When he first shared the track online, he didn’t attach a big campaign or promotional plan. He simply wrote: “For Curaçao. For football. For us.”
Within hours, the response exploded.
The song spread through WhatsApp groups, Instagram stories, and car speakers across the island. Fans began tagging the Curaçao national football team, posting videos of themselves singing along, waving flags, pounding on tables in rhythm. By the next day, “Blue Wave” was no longer just a song – it had become a movement.
Then came the moment that changed everything.
During a national team gathering, the track was played in the background. Players started nodding. Someone turned up the volume. Soon, the locker room was alive – boots tapping, hands clapping, voices joining in. Videos of that moment surfaced online, and the reaction was instant. Supporters saw their own energy reflected back at them through the players. The connection was complete.
At matches, the song took on a life of its own. Long before kickoff, fans began chanting the hook in unison. When Curaçao scored, the chorus erupted like a roar. Blue shirts jumped as one. The stadium didn’t just sound louder – it sounded united.

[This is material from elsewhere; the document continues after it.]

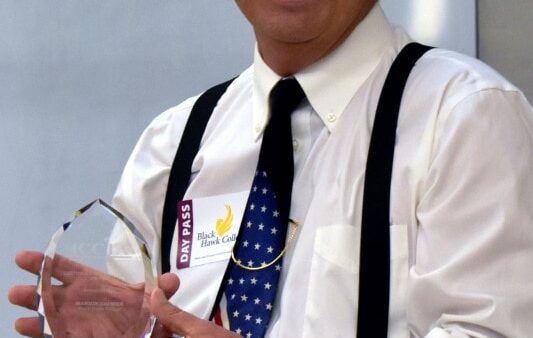 smiling man holding an award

For Jeon, the scale of the response was overwhelming.
“I wrote it hoping people would feel something,” he later said. “I didn’t expect the whole island to sing it back to me.”
“Blue Wave” captured something deeper than football results. It became a soundtrack to national identity – modern, confident, and unapologetically Curaçaoan. Young fans felt seen. Older supporters felt renewed pride. The song crossed generations, languages, and neighbourhoods, tied together by one shared color and one shared dream.
Today, “Blue Wave” is played everywhere football is discussed: in bars, in living rooms, at watch parties, and in moments of quiet anticipation before the whistle blows. It’s no longer introduced as Jeon’s song. It’s simply the Curaçao song.
Like the ocean that surrounds the island, the blue wave keeps coming – strong, rhythmic, and impossible to stop.